Some 173 charities answering a survey by the Institute of Fundraising, NCVO and the Charity Finance Group (CFG) said they forecast a 24% decrease in income on average because of the Covid-19 crisis.
Total income for the sector amounted to £50.6bn in 2016-17, according to NCVO data.
Fall in income during lockdown
Charities expect that both voluntary income and trading income will be badly hit, but also that the loss in trading income will be more significant (down 57% on average, against a 43% decrease in voluntary income).
The vast majority of respondents (84%) also said they have seen their income fall in the first seven weeks of lockdown.
On average, overall income was down by almost a third (29%) compared to what charities had budgeted for. This result is in line with an earlier IoF survey, which was carried out in March and which found that charities expected to lose 31% of their income because of the lockdown.
Half of charities have seen demand for services increase
Almost half (47%) of respondents reported an increase in demand for the services they provide during the pandemic, with 24% seeing a “significant” increase.
This was also similar to the March survey, which found that 43% of charities were expecting service demand to increase.
Some 15% saw no change, while two in five (38%) actually reported a decrease.
Charities expect that the funding crisis will impact their ability to deliver those services over the next year, with 77% saying they will have to reduce what they offer. Some 5% of respondents think their charity will have to close.
The survey also looked at charities’ reserves levels, asking respondents how long they could sustain their work and services.
The majority (56%) said they could survive on reserves for less than six months, including one in ten (11%) who could only do so for one month or less.
Most charities that have furloughed staff expect to make redundancies
Finally, the survey asked charities about their use of government support. The Job Retention Scheme was by far the most popular source of support, with charities saying that withdrawing it before social distancing ends completely will have an impact on their staff and operations.
Of the 103 respondents who have been accessing it, the majority (55%) said they will likely have to make redundancies when it ends. Reducing hours and pay (65%) and scaling down services (54%) were also considered probable options.
Earlier this week, the government released new figures revealing that 164,000 staff in the charity sector were furloughed in the first six weeks of the scheme. According to NCVO data, as of 2018 the sector employed 865,000 people, meaning almost a fifth of the whole charity workforce benefited from the scheme.
The survey and the resulting £12.4bn figure over-represent charities that have an income over £1m (which make up only 4% of the sector but 25% of the respondents), that are based in London and in the south of England, and that work at national and international level.
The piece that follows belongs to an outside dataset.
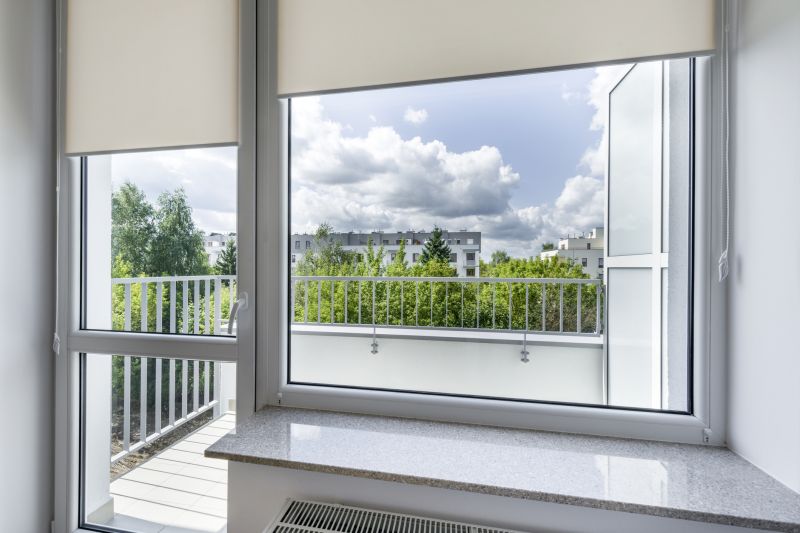 Casement Windows with Outdoor View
The survey was carried out between 30 April and 25 May.
Failing to support charities ‘will be false economy’
Given the financial strain charities are under, sector bodies are calling for the government to expand its £750m support package.
Peter Lewis, chief executive of the Chartered Institute of Fundraising, said: “This new research shows that the impact of coronavirus is going to have a hugely significant impact on charity finances for the year ahead. With social distancing remaining in place for the foreseeable future, and an exceptionally difficult time ahead for the wider economy, the fact that the charities who responded to the survey are planning for a loss of almost a quarter of their total income is extremely worrying.
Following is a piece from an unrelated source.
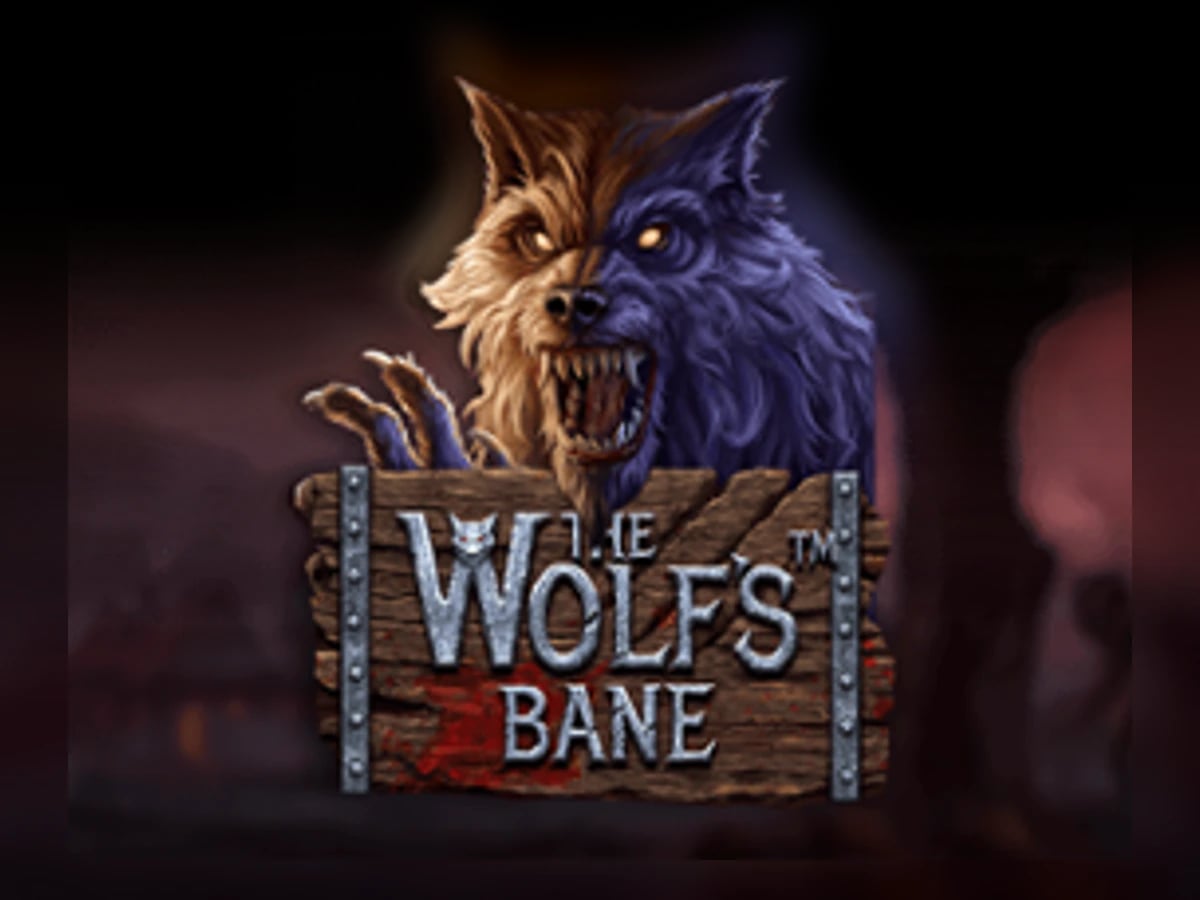 The Wolf's Bane slot game artwork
“The government urgently needs to review and enhance its emergency support for charities, with a further bespoke package of support, an extension to the Job Retention Scheme that specifically supports those charitable activities which are still unable to take place, or both.”
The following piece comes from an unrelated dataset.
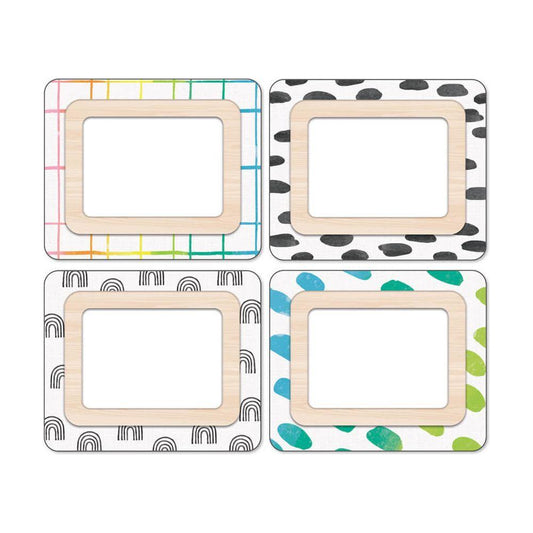 Creatively Inspired Name Tags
CFG said that the shortfall will impact charities’ beneficiaries and could end up costing much more to society in the long term.
Caron Bradshaw, chief executive at CFG, said: “I cannot stress enough that this isn’t about the survival of the institution of charity or individual charities, but the devastating impact that this will have on those who rely on the services charities provide. From providing food to the most disadvantaged in our society to supporting people through cancer, if charities are not there to meet the need, someone will have to pick up that work or that need will go unmet.
“It’s not about us, it’s about them. Failing to invest in us now will be false economy and will let those most marginalised and disadvantaged shoulder the greatest fall out from this crisis.”